[Short descriptive text snippets]
---------------

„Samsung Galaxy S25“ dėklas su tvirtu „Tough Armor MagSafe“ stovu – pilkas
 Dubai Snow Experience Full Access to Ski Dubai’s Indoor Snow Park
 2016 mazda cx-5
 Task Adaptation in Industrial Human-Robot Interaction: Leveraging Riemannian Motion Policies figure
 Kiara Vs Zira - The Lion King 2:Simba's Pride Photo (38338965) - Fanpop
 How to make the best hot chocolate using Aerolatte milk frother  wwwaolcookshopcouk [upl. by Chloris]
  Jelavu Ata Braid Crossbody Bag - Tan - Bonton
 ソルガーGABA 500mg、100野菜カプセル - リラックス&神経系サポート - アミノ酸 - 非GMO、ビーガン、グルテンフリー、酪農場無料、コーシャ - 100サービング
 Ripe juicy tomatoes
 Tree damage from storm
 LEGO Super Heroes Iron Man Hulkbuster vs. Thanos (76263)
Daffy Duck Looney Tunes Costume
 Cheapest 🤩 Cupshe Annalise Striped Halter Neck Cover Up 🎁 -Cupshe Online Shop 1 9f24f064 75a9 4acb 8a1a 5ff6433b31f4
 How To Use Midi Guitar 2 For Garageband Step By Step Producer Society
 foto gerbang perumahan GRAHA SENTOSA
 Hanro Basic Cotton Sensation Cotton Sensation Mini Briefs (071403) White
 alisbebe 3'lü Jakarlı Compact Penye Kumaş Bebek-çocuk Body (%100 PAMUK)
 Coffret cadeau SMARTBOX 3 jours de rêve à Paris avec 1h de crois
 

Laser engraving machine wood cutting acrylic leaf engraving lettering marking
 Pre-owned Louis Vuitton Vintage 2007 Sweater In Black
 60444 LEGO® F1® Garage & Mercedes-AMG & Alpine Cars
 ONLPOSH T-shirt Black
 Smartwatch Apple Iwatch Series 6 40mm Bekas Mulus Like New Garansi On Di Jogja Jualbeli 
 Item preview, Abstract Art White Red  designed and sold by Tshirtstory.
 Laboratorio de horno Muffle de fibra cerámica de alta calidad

---------------

Only the stretch of lines that begins with the one holding "alisbebe 3'lü Jakarlı" and ends with the last line above belongs in the answer; please write it out exactly.

OUTPUT FOR THIS EXERCISE
 alisbebe 3'lü Jakarlı Compact Penye Kumaş Bebek-çocuk Body (%100 PAMUK)
 Coffret cadeau SMARTBOX 3 jours de rêve à Paris avec 1h de crois
 

Laser engraving machine wood cutting acrylic leaf engraving lettering marking
 Pre-owned Louis Vuitton Vintage 2007 Sweater In Black
 60444 LEGO® F1® Garage & Mercedes-AMG & Alpine Cars
 ONLPOSH T-shirt Black
 Smartwatch Apple Iwatch Series 6 40mm Bekas Mulus Like New Garansi On Di Jogja Jualbeli 
 Item preview, Abstract Art White Red  designed and sold by Tshirtstory.
 Laboratorio de horno Muffle de fibra cerámica de alta calidad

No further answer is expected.